Pop Star Claims Sex With Ghost

*Source: Discovery News

Keisha-zoom

Artists and musicians are always seeking inspiration for their work, and in a recent radio interview with Ryan Seacrest, pop star Kesha talked about the inspiration for her new song "Supernatural." While many singers like Taylor Swift and Adele produce heartfelt songs about love and loss, Kesha's was a little different.

"There are so many weird topics on this record from having sexy time with a ghost to getting hypnotized and going into past lives. I just really wanted the theme of this record to be the magic of life," she told Seacrest.
Yes, "having sexy time" means what you think it means: Her song is about the time she had sex with a ghost. "I had a couple of experiences with the supernatural. I don't know his name! He was a ghost! I'm very open to it....I was in Africa rehabilitating baby lions. I went diving with great white sharks, and just went on this crazy spirit quest. I got hypnotized, and I just really wanted this record to be really positive, really raw, really vulnerable and about the magic of life."

While this may seem like a bizarre (or publicity-savvy) revelation, Kesha is not alone; in fact many people have reported similar sexual experiences with spirits... and psychologists may have an explanation.

Succubi, Incubi, and Psychology

This phenomenon is not new, and is the basis for medieval legends about male and female demons (incubus and succubus respectively), who sexually attack people at night in their sleep. In centuries past, a woman claiming to have had sexual relations with an unseen spirit would likely have been accused of witchcraft. Indeed, the notorious 1486 witch-hunting text "Malleus Maleficarum" contains a section titled, "Here follows the Way whereby Witches copulate with these Devils known as Incubi," in which the authors explain that sex with the unknown is inherently evil and a clear sign of congress with Satan.

In his book "The Terror that Comes in the Night," folklorist David J. Hufford estimates that about 15 percent of people experience being assaulted in their sleep by an unknown entity at some point in their lives.
These attacks -- sometimes scary, sometimes sexy, but always realistic to the person experiencing them -- are the result of normal brain misperceptions and illusions. Last year a British grandmother complained of being sexually assaulted by a ghost while in bed. She felt "a creepy pair of hands" groping her as she tried to sleep, though no one else was around.

Kesha did not elaborate on the circumstances behind her exciting encounter with the anonymous phantom paramour, but it's likely she experienced it in bed either while sleeping, or going into or out of sleep. Psychologists know that this is a time when people are vulnerable to common (and harmless) hallucinations -- including sexual experiences.
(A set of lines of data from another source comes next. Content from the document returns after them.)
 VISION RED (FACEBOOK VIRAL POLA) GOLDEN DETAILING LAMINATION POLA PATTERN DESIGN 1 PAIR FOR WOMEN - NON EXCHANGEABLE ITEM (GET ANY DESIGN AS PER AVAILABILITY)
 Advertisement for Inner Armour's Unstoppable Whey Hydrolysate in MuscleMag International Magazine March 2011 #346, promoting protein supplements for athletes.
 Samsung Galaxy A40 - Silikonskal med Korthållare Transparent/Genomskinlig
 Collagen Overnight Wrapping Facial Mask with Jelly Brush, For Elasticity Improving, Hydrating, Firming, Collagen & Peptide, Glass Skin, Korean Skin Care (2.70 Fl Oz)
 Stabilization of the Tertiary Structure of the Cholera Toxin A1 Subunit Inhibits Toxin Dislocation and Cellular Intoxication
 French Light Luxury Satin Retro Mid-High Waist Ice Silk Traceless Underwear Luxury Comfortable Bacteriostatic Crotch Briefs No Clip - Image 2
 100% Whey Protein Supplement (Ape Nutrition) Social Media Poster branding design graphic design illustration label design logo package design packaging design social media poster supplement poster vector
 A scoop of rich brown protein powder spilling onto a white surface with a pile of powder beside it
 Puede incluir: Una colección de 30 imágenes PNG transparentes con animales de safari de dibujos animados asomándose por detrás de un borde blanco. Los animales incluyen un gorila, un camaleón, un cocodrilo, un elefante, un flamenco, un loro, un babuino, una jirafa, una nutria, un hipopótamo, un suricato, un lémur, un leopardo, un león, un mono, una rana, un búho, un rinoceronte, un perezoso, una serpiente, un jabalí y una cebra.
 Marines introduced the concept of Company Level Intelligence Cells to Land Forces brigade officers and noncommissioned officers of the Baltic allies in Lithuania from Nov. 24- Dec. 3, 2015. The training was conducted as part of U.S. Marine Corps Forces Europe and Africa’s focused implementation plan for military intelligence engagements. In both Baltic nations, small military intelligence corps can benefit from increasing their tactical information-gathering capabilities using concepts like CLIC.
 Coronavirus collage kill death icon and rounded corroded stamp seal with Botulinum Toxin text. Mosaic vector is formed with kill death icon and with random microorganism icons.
There may also be a clue in Kesha's comment about being hynotized; people who are under hypnosis tend to be in a very suggestible state (criteria for hypnotizability include being imaginative and open to suggestion).
If she had the experience during a personal, spiritual quest for the supernatural, her mind and imagination would be primed to interpret any unusual experiences as magical. An especially vivid or arousing sexual dream could easily have been interpreted as having been a real encounter with a ghost.

Of course, it's possible that Kesha really did have sex with a ghost -- and though he didn't leave his name, he left her with fodder for free publicity -- and maybe even a hit single.